↓↓↓

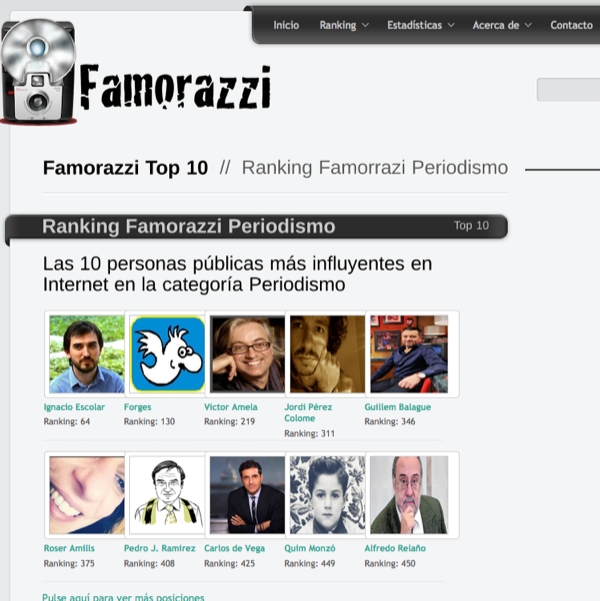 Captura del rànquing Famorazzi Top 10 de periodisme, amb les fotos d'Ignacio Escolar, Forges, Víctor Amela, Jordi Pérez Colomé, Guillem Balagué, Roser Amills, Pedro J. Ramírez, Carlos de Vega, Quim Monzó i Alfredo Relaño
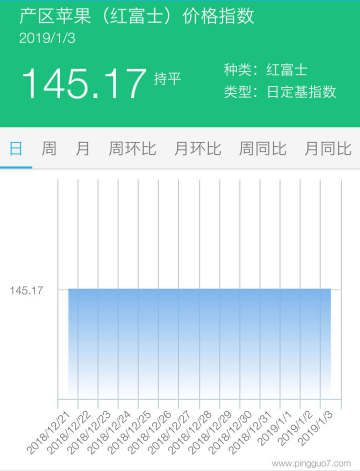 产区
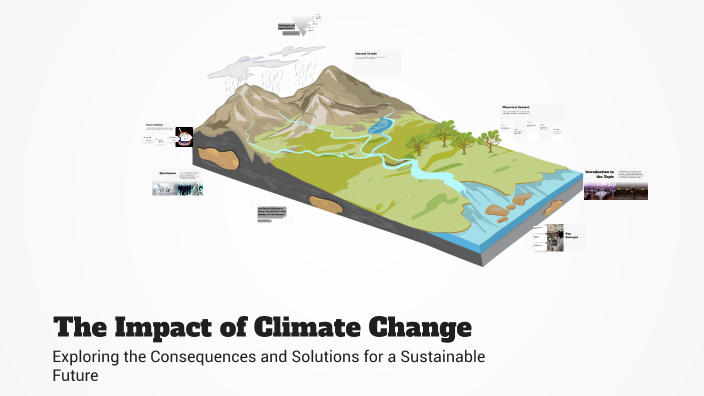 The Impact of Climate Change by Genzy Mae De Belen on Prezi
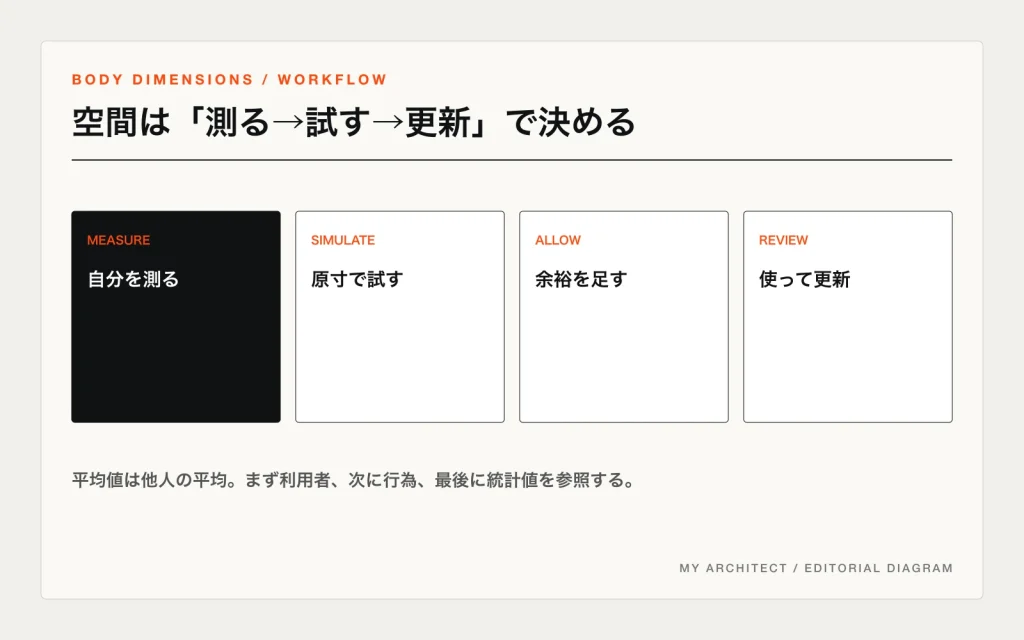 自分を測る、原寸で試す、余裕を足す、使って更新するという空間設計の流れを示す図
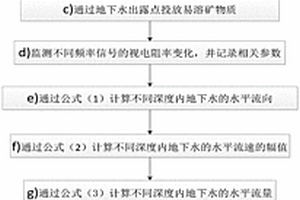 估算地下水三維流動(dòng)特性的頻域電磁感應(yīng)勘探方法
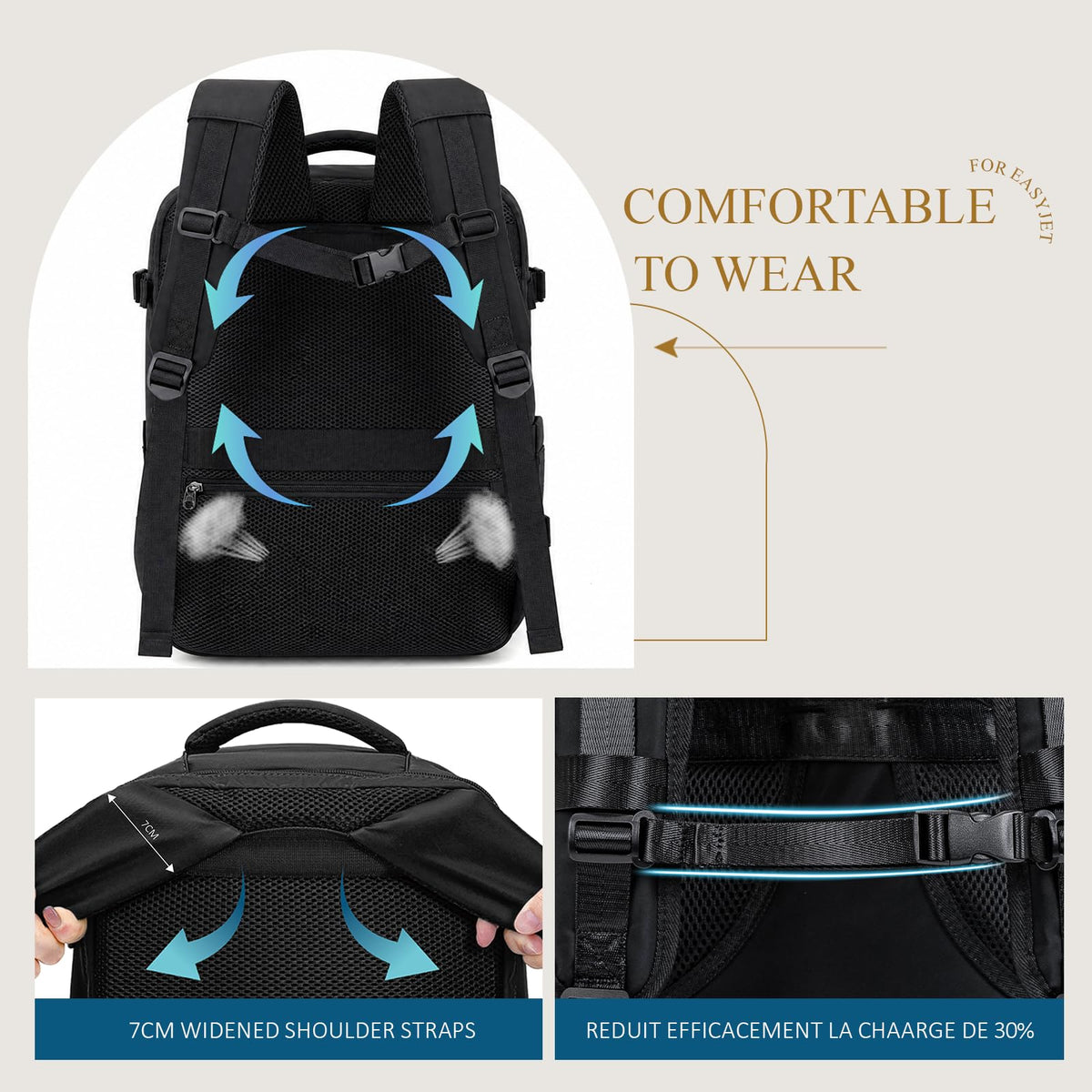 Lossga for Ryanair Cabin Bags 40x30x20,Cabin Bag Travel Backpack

↑↑↑

Leave the pictures out and transcribe the remaining material exactly.

§ Solution below:
 Captura del rànquing Famorazzi Top 10 de periodisme, amb les fotos d'Ignacio Escolar, Forges, Víctor Amela, Jordi Pérez Colomé, Guillem Balagué, Roser Amills, Pedro J. Ramírez, Carlos de Vega, Quim Monzó i Alfredo Relaño
 产区
 The Impact of Climate Change by Genzy Mae De Belen on Prezi
 自分を測る、原寸で試す、余裕を足す、使って更新するという空間設計の流れを示す図
 估算地下水三維流動(dòng)特性的頻域電磁感應(yīng)勘探方法
 Lossga for Ryanair Cabin Bags 40x30x20,Cabin Bag Travel Backpack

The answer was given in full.